『向井潤吉展 〜わかちがたい風景とともに〜』
京都高島屋グランドホールまで行ってきました

向井潤吉とは…
戦後より一貫して、日本の風土に根ざした茅葺き屋根の民家をモティーフとして、制作を重ねてこられました。
戦後の高度経済成長の中で次々にその姿を消していく民家を求め、向井先生はつねに現場におもむき、そして、誇張のない的確な写実表現によって、民家のありのままの姿を生き生きととらえてきました。それはまた、日本の美しい風土そのものを描き残してきたとも言えましょう。
※世田谷美術館分館向井潤吉アトリエ館 略歴より
1901年〜1995年。
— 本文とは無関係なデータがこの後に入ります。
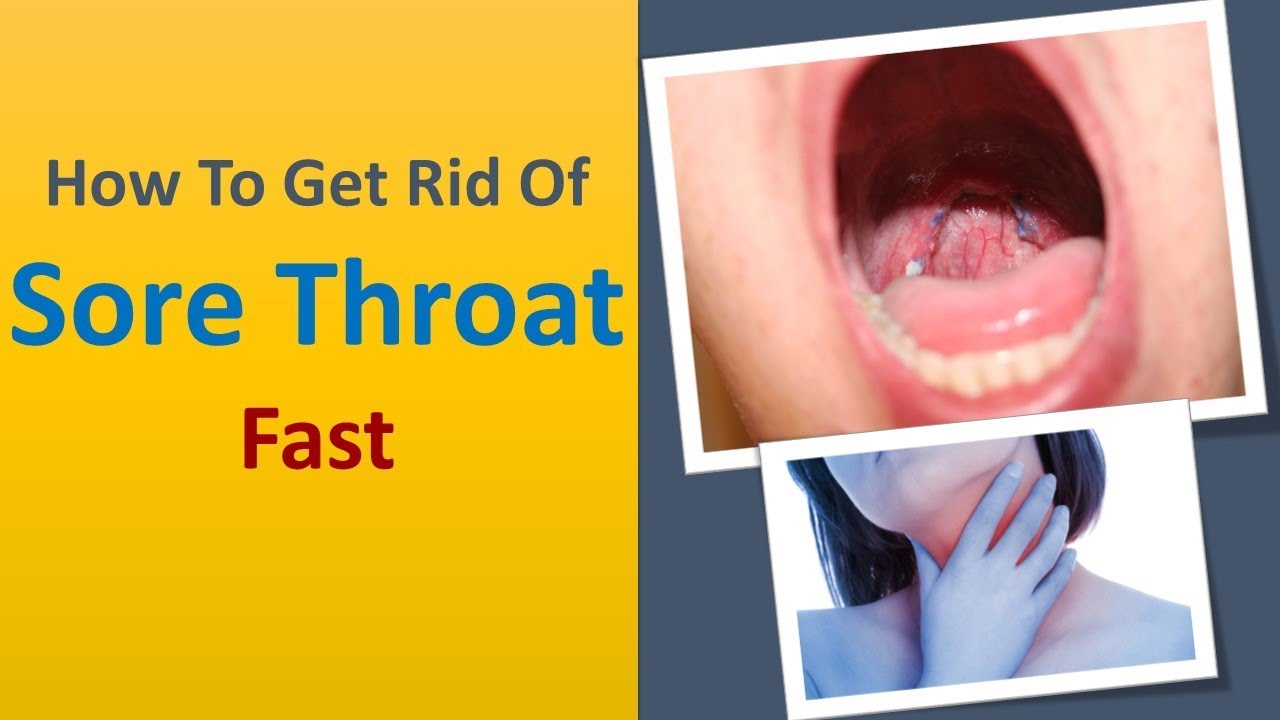 How To Get Rid Of Sore Throat Fast - Top 5 Tricks To Remove Sore Throat - YouTube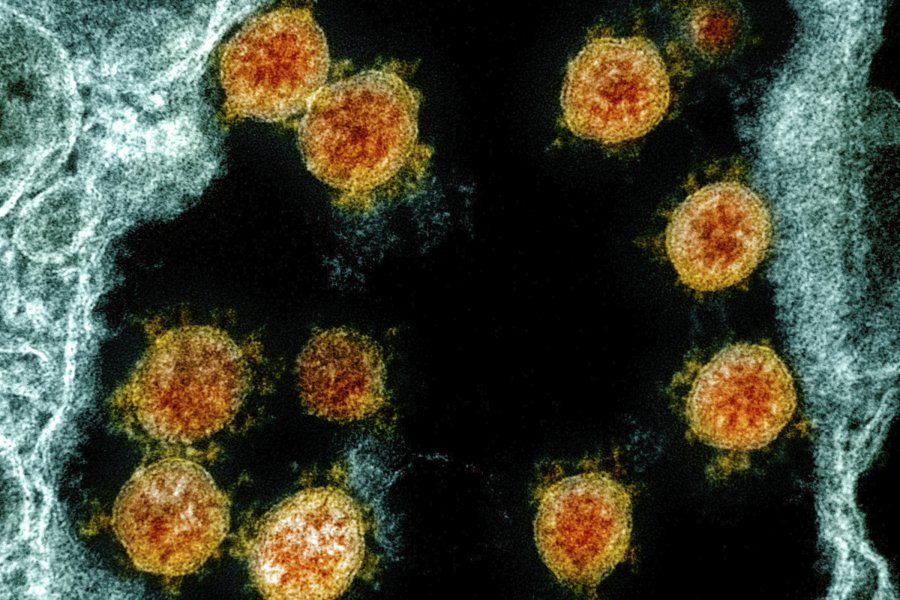 Varianti i koronavirusit i zbuluar në Indi po shqetëson shkencëtarët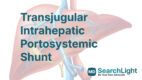Transjugular Intrahepatic Portosystemic Shunt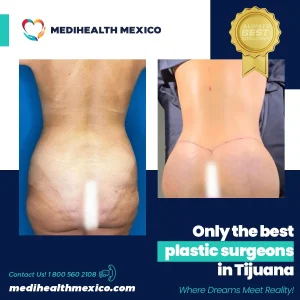 Plastic Procedure Before and After, MediHealth Mexico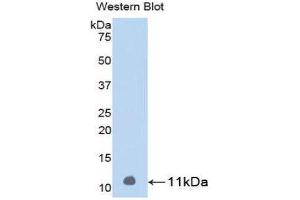 Western Blotting (WB) image for anti-Parathyroid Hormone (PTH) (AA 31-115) antibody (ABIN1078421) (PTH antibody  (AA 31-115))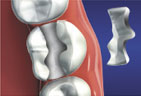 An inlay is fabricated to match the look and feel of your natural teeth An Inlay is fabricated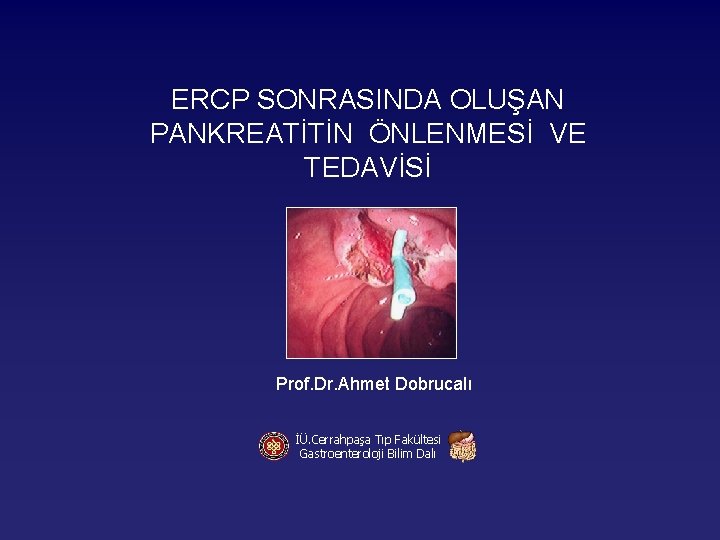 ERCP SONRASINDA OLUŞAN PANKREATİTİN ÖNLENMESİ VE TEDAVİSİ Prof. Dr. Ahmet Dobrucalı İÜ. Cerrahpaşa Tıp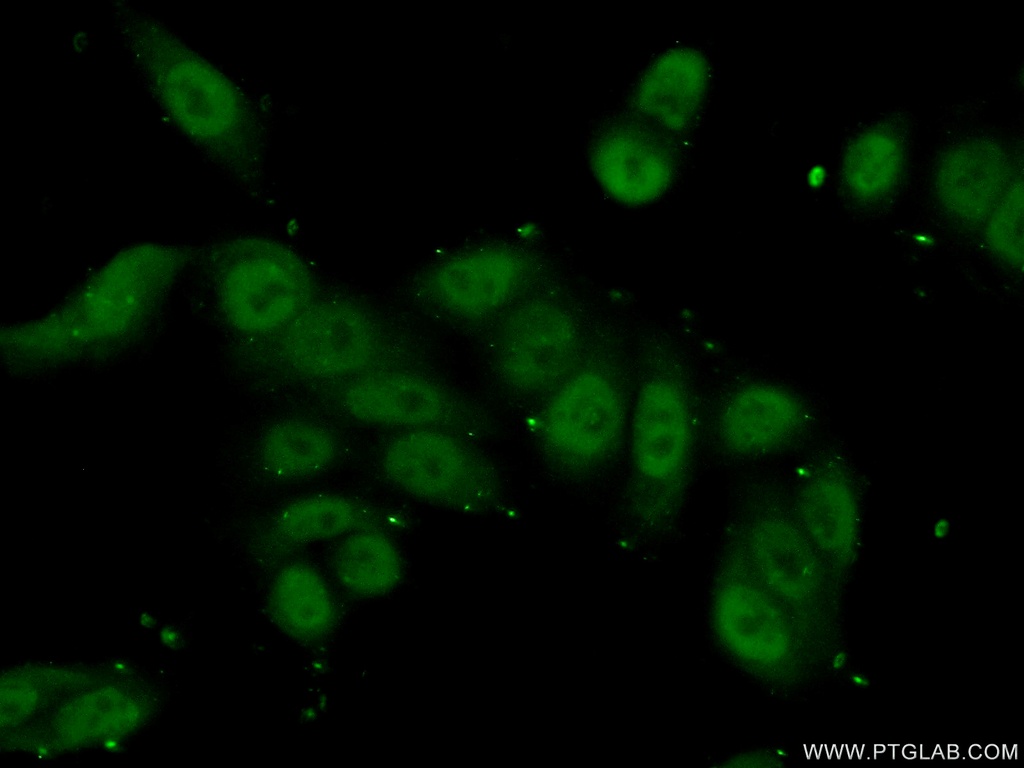 SMC3 Polyclonal antibody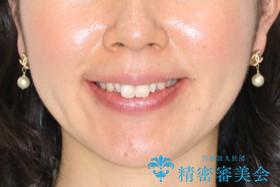 矮小歯を綺麗な歯に。矯正とセラミックの総合治療の治療前（顔貌）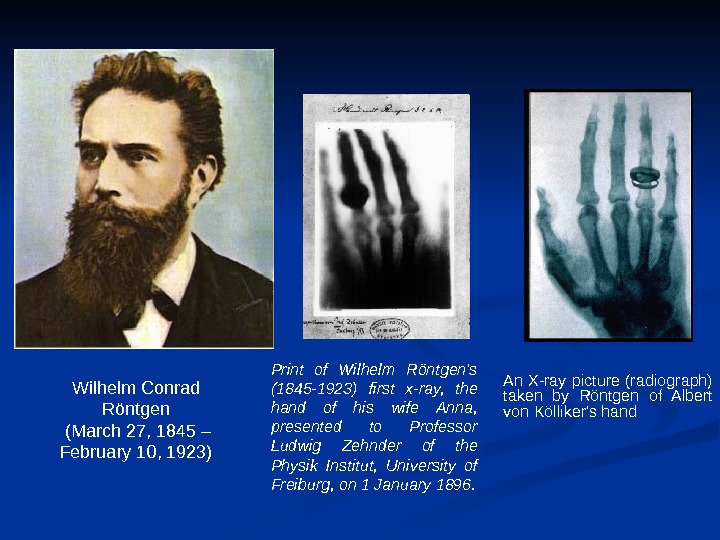   An X-ray picture (radiograph) taken by Röntgen of Albert von Kölliker's hand.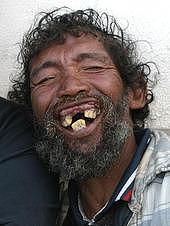 smiling teeth - the sweetest smile.hehee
京都に生まれ、渡欧し油絵を中心に模写などで勉学。
さらに戦時中は従軍画家、戦後は民家の絵を描き続けました。
『向井潤吉展』では、渡欧時代の作品から水彩画、民家まで130点展示されました。
それぞれの「民家」は戦後まもなくから描かれ始めます。
何気ない日本の“田舎”呼ばれる地方の風景。
農家であり
漁港であり
山の麓であり
心のなかの“あっ!懐かしい

東京オリンピックの昭和39年頃の作品。
東京などの都市は高度成長で続々とコンクリートが建てられましたが、描かれる地域の民家は戦後まもなくとほぼ変わらない「民家」風景に驚き

昭和50年前後で向井潤吉氏の絵のタッチに変化があったように感じました。
それまでの作品は“その風景を全て描ききろう”との感覚がありました。
一方その後は“素直に”とじっくり味わえる作品のように感じられました。
これは小生が受け取ったコトなのであしからず

最後に『向井潤吉展』で一番印象に残った作品があります。
『影 (蘇州上空にて)』
昭和13年、従軍時代に描かれ作品です。
中国・蘇州の町並み上空に飛行機が飛ぶ影を描いた作品。恐らく旧日本軍の戦闘機でしょう。
小さな家々が並ぶ町並みに圧倒的な大きさ誇る戦闘機。
日本の力を中国の人々に誇示するかのような作品です。
どこか悲しい。
血や銃、刀、軍服、軍人が描かれず戦争の惨さが伝わります。